Of her grandparents’ seven children, two girls and five boys, all five sons served either on ships in the navy or as pilots. Kidney’s aunt was married to a farmer who stayed on the farm to support the war effort. And though Kidney’s mother considered joining the WAVES, she instead married a flight instructor who, like my father, would have seen action had the war not ended.
As mentioned in last fall’s Veteran’s Day post, of my father’s ten siblings, five were old enough to serve in the war and four did: my father’s oldest sister and brother, my father and his second younger brother. His first younger brother stayed on the farm, like Kidney’s uncle.
My grandparents never received the heartbreaking telegrams like the Wilsons did. Yet as I read Kidney’s book, particularly the family letters, I marveled at our families’ similarities. Our grandparents lived on farms with no running water or electricity though both had telephones on shared “party” lines. Long-short-long was the Wilson family ring. Both her grandmother and mine kept chickens and sold eggs. And they worried about their children who served in the war, hoping for the best.

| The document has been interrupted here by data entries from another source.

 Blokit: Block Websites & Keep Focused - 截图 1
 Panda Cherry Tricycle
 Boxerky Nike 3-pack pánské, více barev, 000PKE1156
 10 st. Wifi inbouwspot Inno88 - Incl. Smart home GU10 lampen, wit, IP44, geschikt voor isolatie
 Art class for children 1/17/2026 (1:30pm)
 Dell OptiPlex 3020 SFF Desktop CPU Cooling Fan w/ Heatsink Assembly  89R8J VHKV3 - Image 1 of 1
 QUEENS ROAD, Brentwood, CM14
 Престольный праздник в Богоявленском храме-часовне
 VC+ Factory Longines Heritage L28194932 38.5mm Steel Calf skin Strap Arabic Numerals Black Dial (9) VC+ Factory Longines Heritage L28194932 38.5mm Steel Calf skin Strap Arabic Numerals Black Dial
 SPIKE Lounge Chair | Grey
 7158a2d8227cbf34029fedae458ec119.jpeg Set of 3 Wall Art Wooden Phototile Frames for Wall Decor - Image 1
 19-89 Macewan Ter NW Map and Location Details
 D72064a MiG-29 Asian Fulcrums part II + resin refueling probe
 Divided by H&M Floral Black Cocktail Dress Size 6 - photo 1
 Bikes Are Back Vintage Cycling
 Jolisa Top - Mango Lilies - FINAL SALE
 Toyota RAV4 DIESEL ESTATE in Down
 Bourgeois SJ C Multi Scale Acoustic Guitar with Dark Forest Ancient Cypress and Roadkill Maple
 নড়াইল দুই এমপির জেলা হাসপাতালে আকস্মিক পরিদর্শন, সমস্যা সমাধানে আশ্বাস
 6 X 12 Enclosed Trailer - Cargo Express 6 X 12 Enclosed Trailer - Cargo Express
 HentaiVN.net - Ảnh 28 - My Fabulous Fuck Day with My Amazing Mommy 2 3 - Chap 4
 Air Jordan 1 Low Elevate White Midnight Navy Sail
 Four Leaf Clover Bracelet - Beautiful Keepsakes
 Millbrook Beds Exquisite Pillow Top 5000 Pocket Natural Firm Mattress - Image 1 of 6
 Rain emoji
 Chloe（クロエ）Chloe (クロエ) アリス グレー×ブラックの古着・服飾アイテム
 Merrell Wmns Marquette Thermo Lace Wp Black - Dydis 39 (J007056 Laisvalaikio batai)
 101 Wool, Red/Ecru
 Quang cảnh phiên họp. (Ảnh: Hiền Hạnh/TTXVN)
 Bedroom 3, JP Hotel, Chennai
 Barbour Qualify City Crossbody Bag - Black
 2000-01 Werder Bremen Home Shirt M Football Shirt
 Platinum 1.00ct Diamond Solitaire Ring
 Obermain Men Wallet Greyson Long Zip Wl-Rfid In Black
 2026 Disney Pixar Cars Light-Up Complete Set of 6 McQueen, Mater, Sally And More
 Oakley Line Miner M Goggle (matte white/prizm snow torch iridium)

During this time of uncertainty, our pastor at Bethany Lutheran Church is leading us in a Bible study of the book of Job. A devout man and prosperous, one might have thought righteousness the reason for Job’s prosperity—until he lost everything: livestock, servants, and children. Betrayed from within his community and without, brought down by what seemed like acts of God or natural disasters. Yet when faced with an alternate script, Job did what he’d always done: he worshipped God.
I imagine my grandparents counted their blessings when all their chicks came home. And the Wilsons grieved their losses as Job did, too, and so many other families during WWII. It’s hard to be grateful for an alternate script, knowing your children will never fulfill their dreams. But it’s precisely these times of testing that give us the greatest opportunities to grow our faith, as it was for Job.
In her grandmother’s obituary, which Kidney included at the end of her book, I noted another surprising similarity between our families. Leora had not seven but ten children, seven boys and three girls exactly like my grandmother. Leora and Clabe lost twin boys to whooping cough during the Depression and a girl to an enlarged heart. Another alternate script, and my grandparents had theirs, too.